=== COLLECTED MATERIAL ===

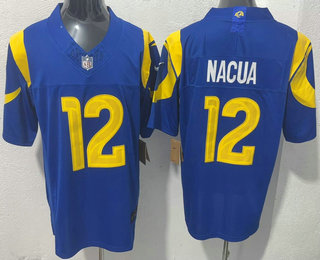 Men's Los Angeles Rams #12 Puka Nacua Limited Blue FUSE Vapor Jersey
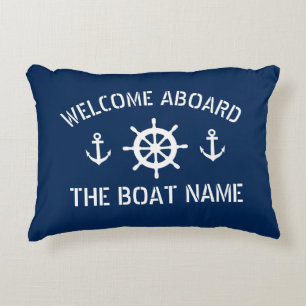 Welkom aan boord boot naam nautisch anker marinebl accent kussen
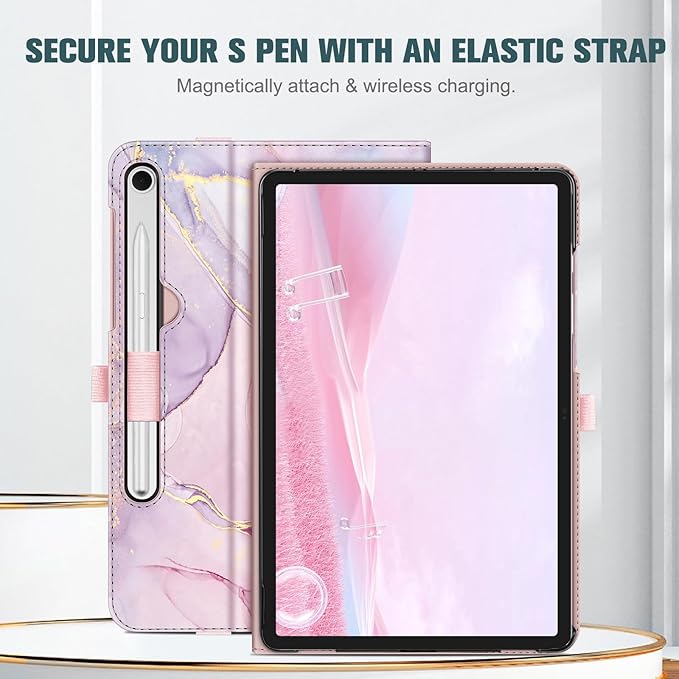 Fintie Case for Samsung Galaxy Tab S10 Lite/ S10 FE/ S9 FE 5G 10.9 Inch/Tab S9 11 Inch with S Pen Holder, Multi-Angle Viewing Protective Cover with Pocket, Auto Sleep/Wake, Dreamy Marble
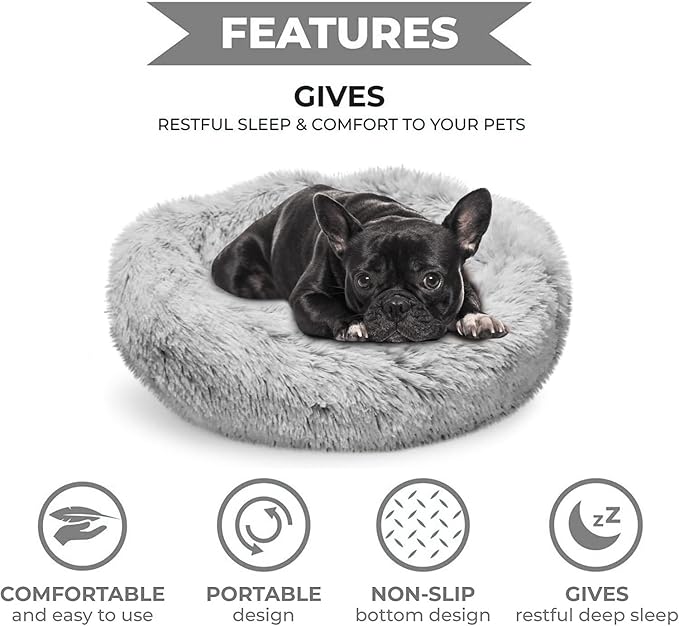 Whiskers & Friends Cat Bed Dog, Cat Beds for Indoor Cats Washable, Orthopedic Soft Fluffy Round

===

§ **ASSIGNED TASK**
Please make an exact copy of the whole listing and leave out its pictures.

§ **OUTPUT OF THE EXERCISE**
 Men's Los Angeles Rams #12 Puka Nacua Limited Blue FUSE Vapor Jersey
 Welkom aan boord boot naam nautisch anker marinebl accent kussen
 Fintie Case for Samsung Galaxy Tab S10 Lite/ S10 FE/ S9 FE 5G 10.9 Inch/Tab S9 11 Inch with S Pen Holder, Multi-Angle Viewing Protective Cover with Pocket, Auto Sleep/Wake, Dreamy Marble
 Whiskers & Friends Cat Bed Dog, Cat Beds for Indoor Cats Washable, Orthopedic Soft Fluffy Round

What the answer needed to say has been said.